On the other side of the economic paradigm that Spain is living with, there may also be a good occasion to bet on new technologies and the advantages that the country currently counts on. It is hardly a secret that, for the most part, businesses chose pleasant countries (Italy, Spain and the south of France) for their conferences, which is why it seems logical that the creation of high-quality technological poles in the Iberian Peninsula be similar to those in Silicon Valley, California.

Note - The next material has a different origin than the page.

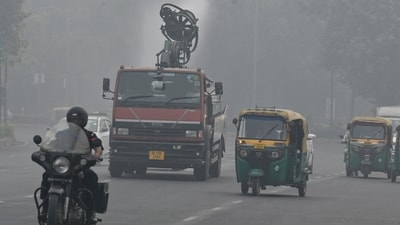 A vehicle sprays water onto the road near India Gate in New Delhi, India, as part of dust suppression measures during severe air pollution, on Monday, (RAJ K RAJ /HT PHOTO) A vehicle sprays water onto the road near India Gate in New Delhi, India, as part of dust suppression measures during severe air pollution, on Monday, (RAJ K RAJ /HT PHOTO)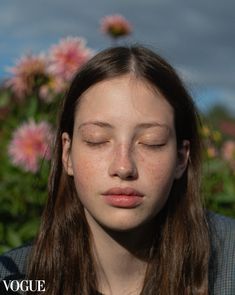 a girl with freckled hair and eyes closed is in front of pink flowers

This is what, for example, the Malaga Valley project (see www.malagavalley.com) has tried to do. It brings together different companies from this sector in society in the hopes of making Malaga the most important zone for technological excellence in Europe, a Silicon Valley that will attract companies and investors from all over the world in the field of I+D+I. This is something that other European countries like France, have tried, putting into place centralized plans in new technologies in different regions such as Minalogic close to Grenoble, AerospaceValley near Toulouse and Lyonbiopole near it’s namesake, Lyon.

‘Renewable’ future

According to a recent study, Spain was below the European average for the diffusion of broadband internet across the population (with 18.3%), but it was also found that the more developed countries like France (23.3) and Germany (23.8%) were not far off.

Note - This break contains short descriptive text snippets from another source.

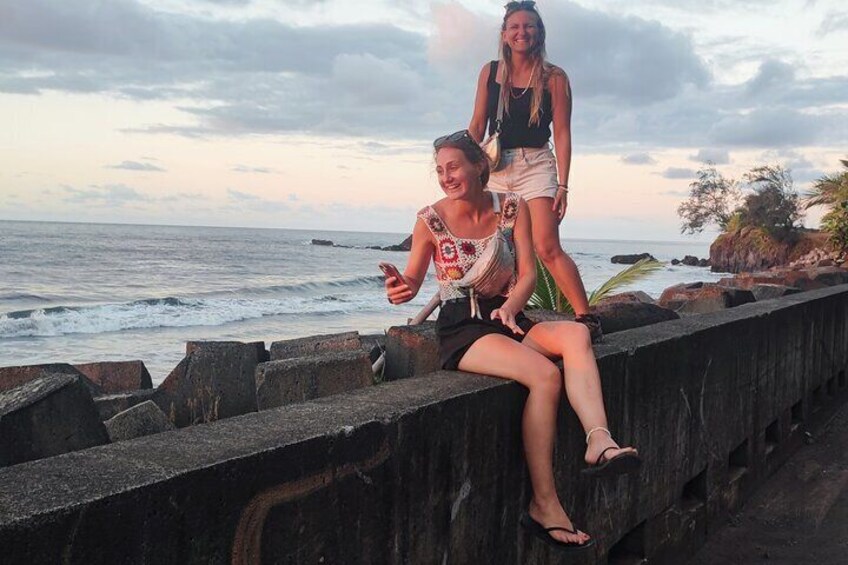 Two people sitting on a concrete barrier by the ocean during sunset. 3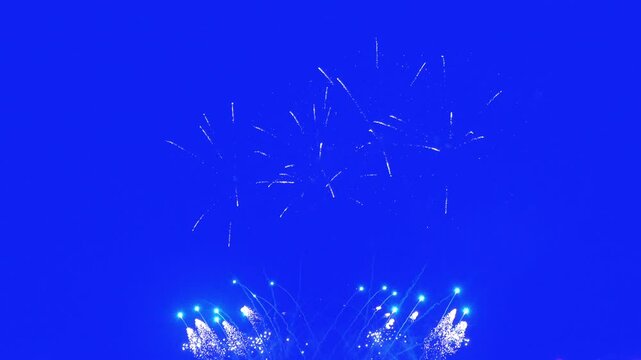 Abstract Real Firework on blue screen chroma key background, 4th of July independence day and new year eve 2024 concept. High quality 4k chromakey slow motion cinematic video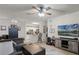 Open-concept living room showcasing modern furnishings and seamless flow into the kitchen at 304 Southern Pecan Cir # 105, Winter Garden, FL 34787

In addition to paying attention to the wisdom and successful choices of other European countries, the best way of overcoming this crisis is to stabilise the strong areas of the economy; renewable energy sources are one of these areas. As José María González Vélez, president of the Spanish association of renewable energy producers puts it, ‘Spain is in a privileged position to play the role of world leader,’ since the development of these energies in the country ‘is considered the ideal prototype.’ Thus, they have included large businesses that have been investing for years. With each day they give more importance to this sector as a demonstration of the saying ‘Pioneers in development and sustainability’, as well as the philosophy of Hispanic multinationals like Acciona, and the corporate image that they wish to transmit to larger companies such as Iberdrola Renovables and Repsol YPF.